One of the most compelling concepts of space travel is the possibility of colonising other worlds; to make them as much our homes as our own Earth. Even today, in fiction this ideal tends to focus on finding an Earth-like planet upon which we can settle and thrive, living as comfortably there as we do on Earth. Even the most conservative estimates predict that there may be literally thousands of such planets throughout the Milky Way galaxy, planets with gravity and atmospheric constituents close enough to our needs to make the planets habitable.
Even so, the distances between such worlds are monstrous. There is no world close enough to Earth in mass and chemistry to support human life anywhere else in our Solar System. Even if, as appears possible, Europa turns out to be another home of life, it's no place for us. The radiation levels from Jupiter's immense magnetic field alone are enough to render it deadly to humans. Still, even apparently empty space offers a wealth of opportunities for inventive beings to make new homes for themselves.
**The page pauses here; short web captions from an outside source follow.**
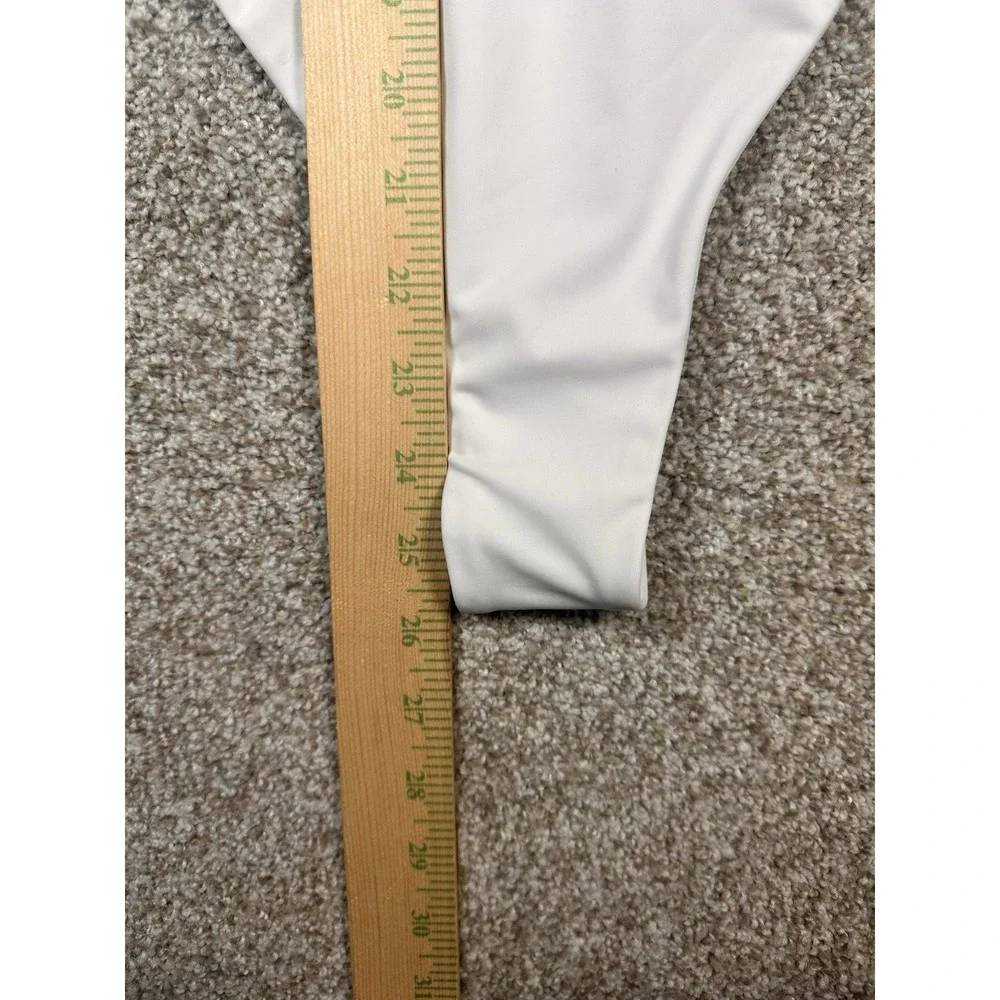 NEW NWT Nike JACQUEMUS one 1 pc swim suit L LARGE athletic bodysuit zipper White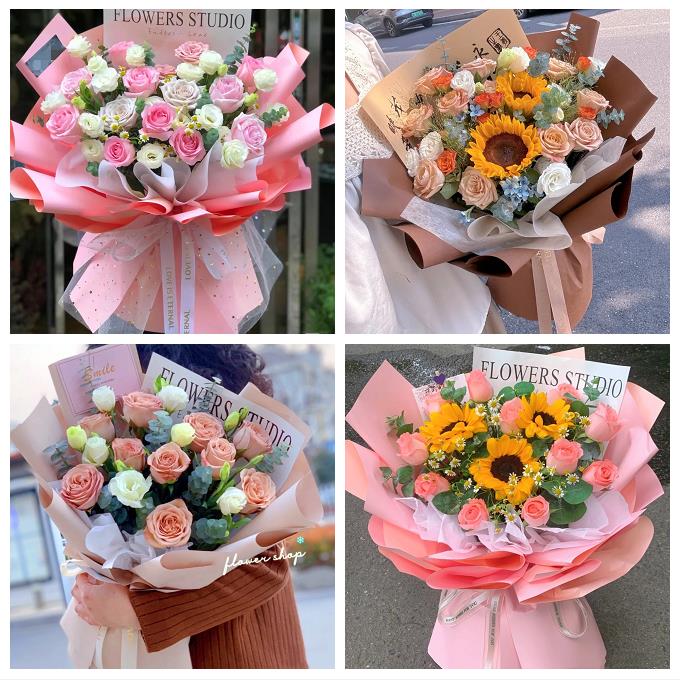 送徐州市鼓楼区云龙区贾汪区同城鲜花店玫瑰混搭花束配送领导女友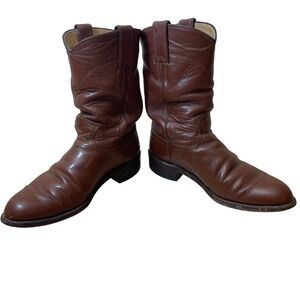 Justin Womens Brown Leather Cowboy Boots Style L 3802 Size 6.5
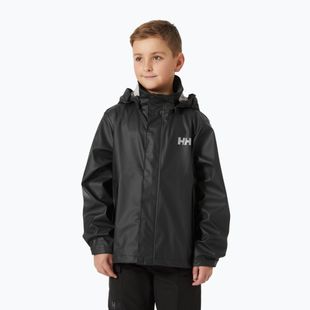 Куртка вітрильна дитяча Helly Hansen Moss black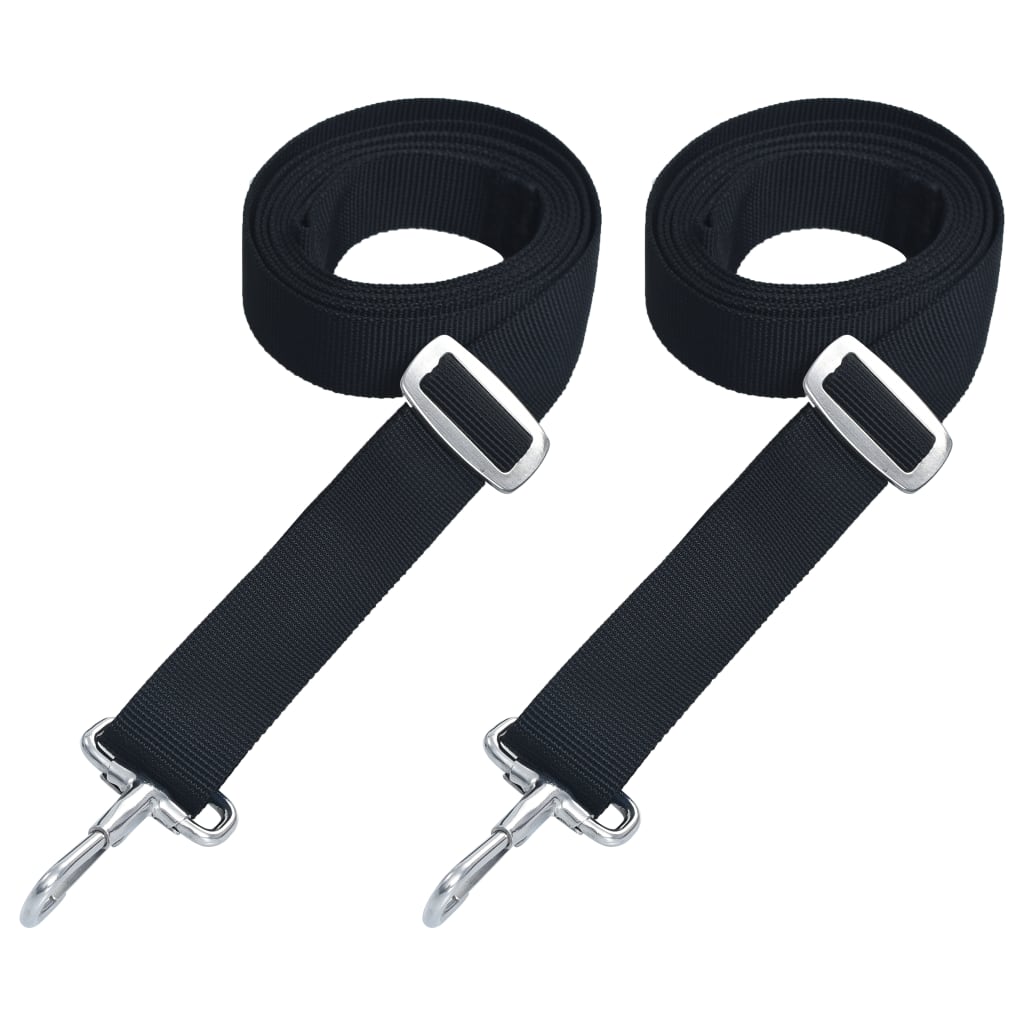 vidaXL Bimini Top Straps 2 pcs Fabric and Stainless Steel VidaXL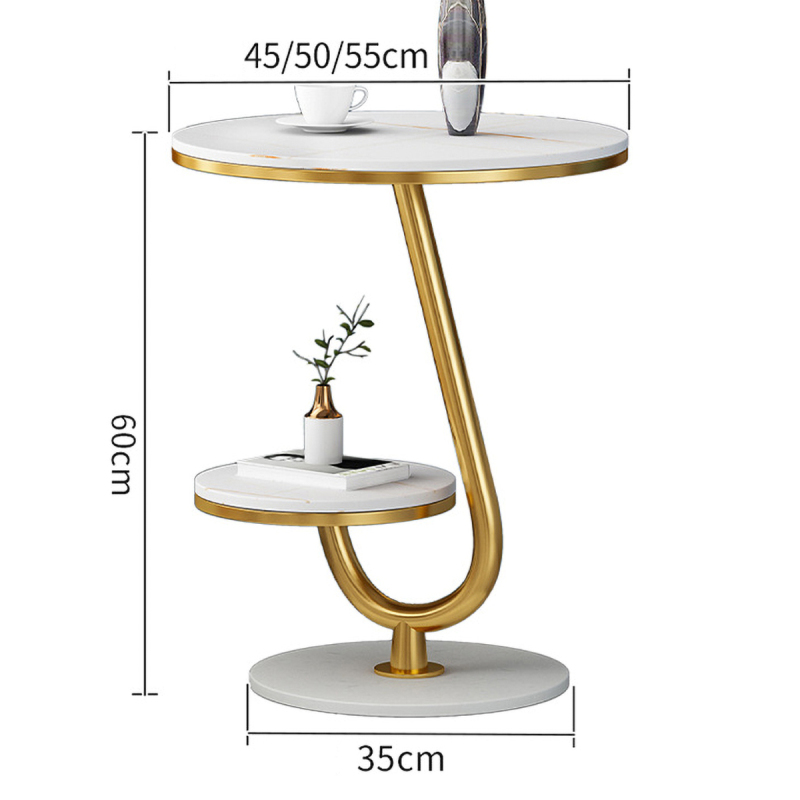 Matorino -Luxury Marble End Table Decor, Round Coffee Table for Home & Living Room, Gold Coffee Table, Outdoor & Indoor Furniture.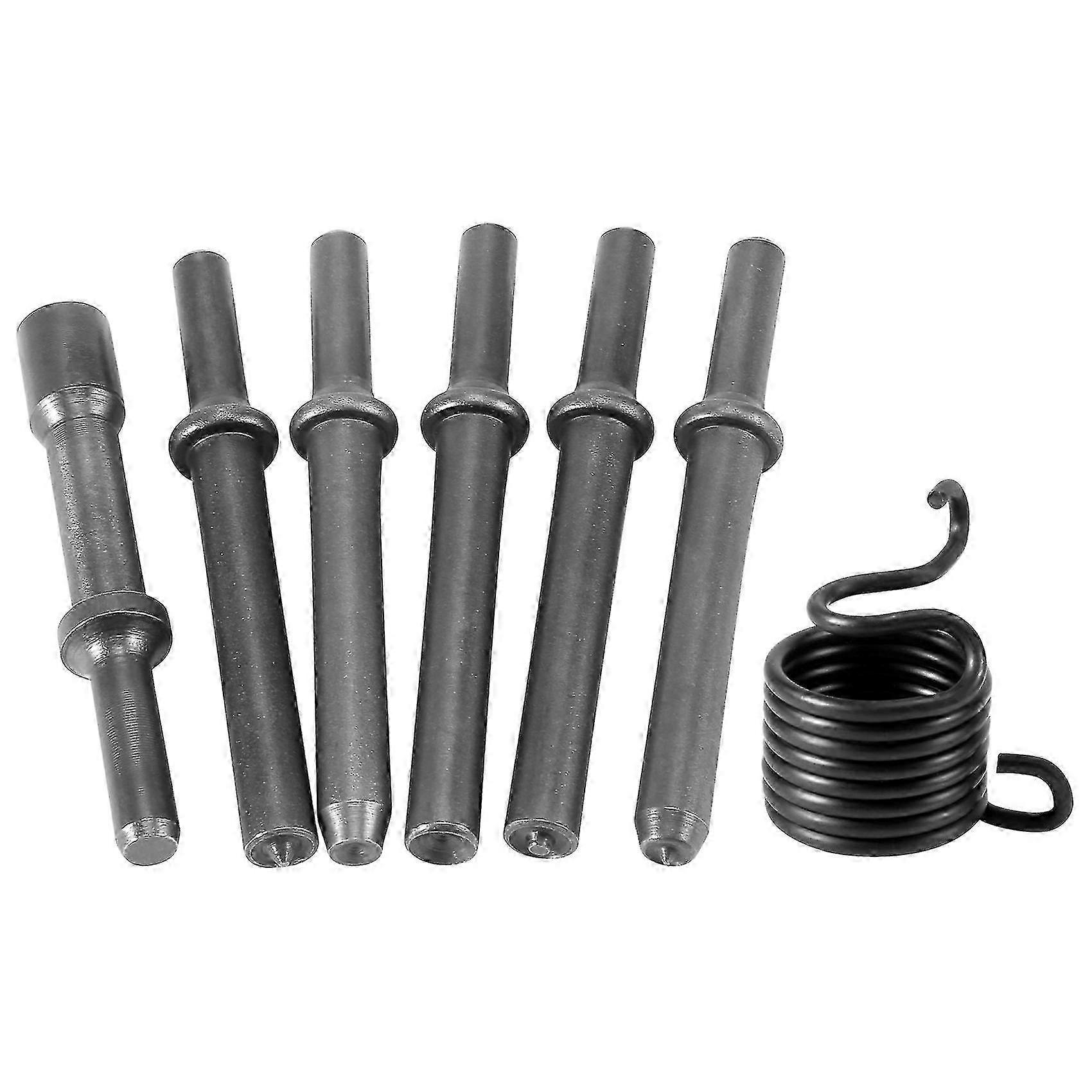 Smoothing pneumatic rivet hammer kit with 7 pcs for professional work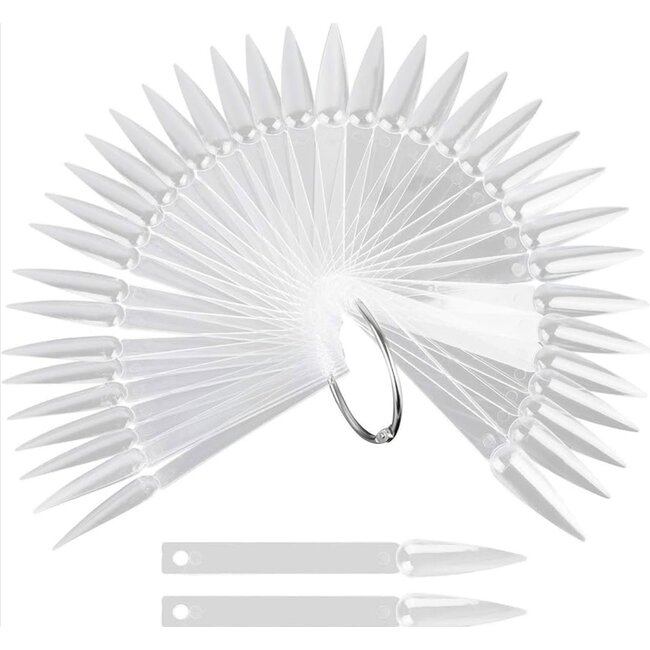 Tip Color Swatch - Individuals - Stiletto Clear - 50 count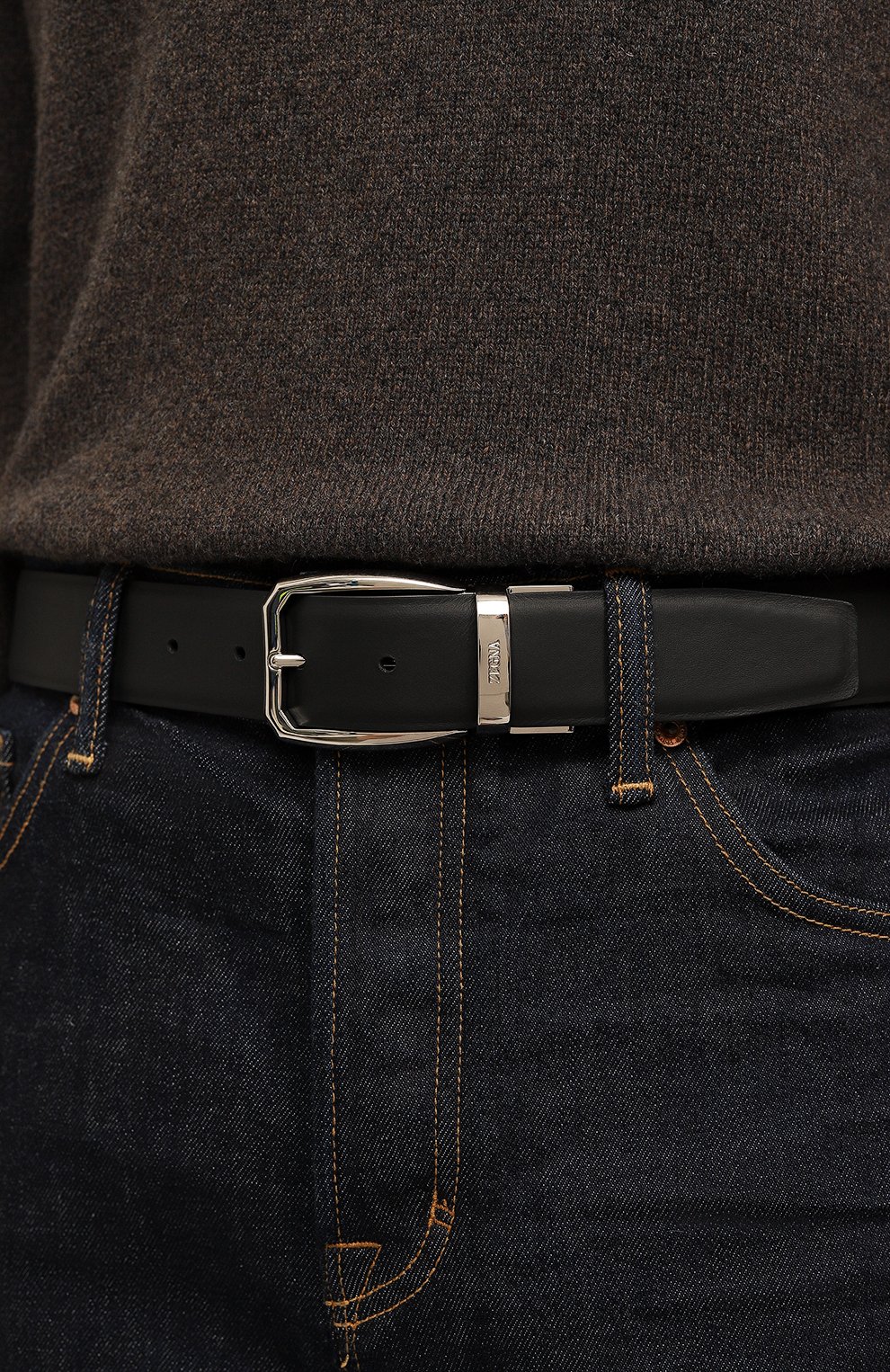 Кожаный ремень ZEGNA, арт. B007PZ/LHAVA, фото 2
The Wealth Between the Worlds
Planets are, on a cosmic scale, infinitesimal things. Even planets like mighty Jupiter are reduced to points of light by interpanetary distances. However, the space between these dots of matter is far from empty. Interplanetary space is filled with the leftover remnants of the early history of the Solar System, rocky and metallic asteroids as well as icy comets. While tiny when compared to even the smallest planets (not to mention some moons), these bodies represent an immense amount of raw material. Silicates, metals, organic materials and volatiles such as hydrogen, carbon dioxide and water ice are present in stunning amounts in comets and asteroids, and these bodies are scattered throughout the entire system. These raw materials will be vital in establishing a permanent presence in space, as well as minimising or even eliminating the need to mine raw materials from Earth, or clear its wild areas for farming. On a more immediate level, they are sources of near-unimaginable wealth.
Cities in Space
As early as the twenties, scientists and engineers such as J.D. Bernal began thinking about the construction of permanently inhabited artificial structures in space. Experience gained from long-duration missions aboard the space station Mir has shown that life in space is eminently survivable, even comfortable. Also, the construction of a colony on a large asteroid would provide a stable home for the generations of miners who would work its surface or probe its secrets.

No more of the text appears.